All three of these hospital patients have been brought to their current state by some terrible aspect of American society that's treated as a normal part of life. The jingoism that spurred the Red Scare. Racism. Nuclear war. Let's also not forget the desire to achieve riches at any cost that motivates Garrett's hospital stay. With Shock Corridor, Samuel Fuller isn't just humanizing members of society frequently dismissed as lost causes. He's rooting their turmoil in specific modern-day tragedies that the audience can't turn away from. The societally-ingrained problems that led these three men here are not things of the past in 1963 or in 2020. They're still here. They're still rampant. And they, and the people impacted by them, are still being dismissed.

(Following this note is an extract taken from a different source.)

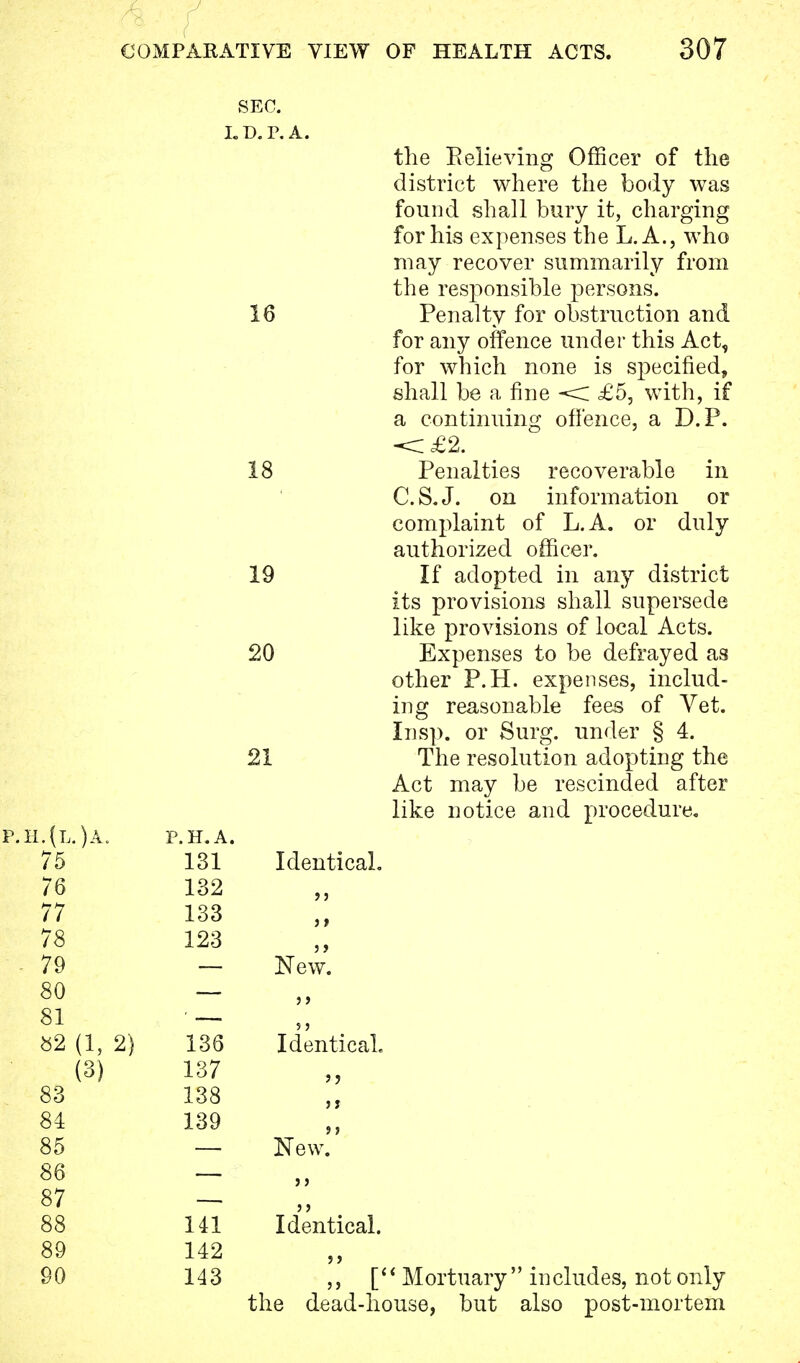 SEC. i. d. r.A. the Relieving Officer of the district where the body was found shall bury it, charging for his expenses the L.A., who may recover summarily from the responsible persons. 18 Penalty for obstruction and for any offence under this Act, for which none is sj^ecified, shall be a fine < £5, with, if a continuing offence, a D.P. <£2. 18 Penalties recoverable in C.S.J, on information or complaint of L.A. or duly authorized officer. 19 If adopted in any district its provisions shall supersede like provisions of local Acts. 20 Expenses to be defrayed as other P.H. expenses, includ- ing reasonable fees of Yet. Insp. or Surg, under § 4. 21 The resolution adopting the Act may be rescinded after like notice and procedure. P.H.{L.)A. P.H. A. 75 131 Identical. 76 132 77 133 78 123 - 79 — New. 80 — 81 - S2 (1, 2) 136 Identical. (3) 137 83 138 81 139 85 — New. 86 — 87 — 88 141 Identical. 89 142 90 143 ,, [ Mortuary includes, not only the dead-house, but also post-mortem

The humanity of these three characters is reinforced through Fuller's bold filmmaking tendencies. Whenever one of these three men is talking about their life, they're accompanied by brief bursts of fully-colorized footage. Shock Corridor is otherwise entirely in black-and-white, so these sudden momentary lapses into a more varied color palette really stick out. Such vivid colors only appearing in flashes on-screen hauntingly reflects how these characters only have similarly short returns to their original mental state. Soon, the monochromatic color scheme of Shock Corridor returns, as does their warped mental health state.

This aspect of Shock Corridor is one of many instances in the movie where Samuel Fuller's takes on such a modernist approach. It's fascinating to see a mainstream American movie from 1963 using such unorthodox editing cues or extended single takes. In a way, Shock Corridor feels like Fuller was utilizing filmmaking techniques that were just about to explode onto the American film scene. A few years after Shock Corridor was released, similarly bold editing and camerawork choices were apparent in the likes of Bonnie & Clyde and Easy Rider. Fuller's visual tendencies were just as ahead-of-their-time as the boundary-pushing material he incorporated into his scripts. Between this and White Dog, Fuller knew how to make fascinating thrillers based around provocative premises that don't just rely on shock value to garner a response from the viewer.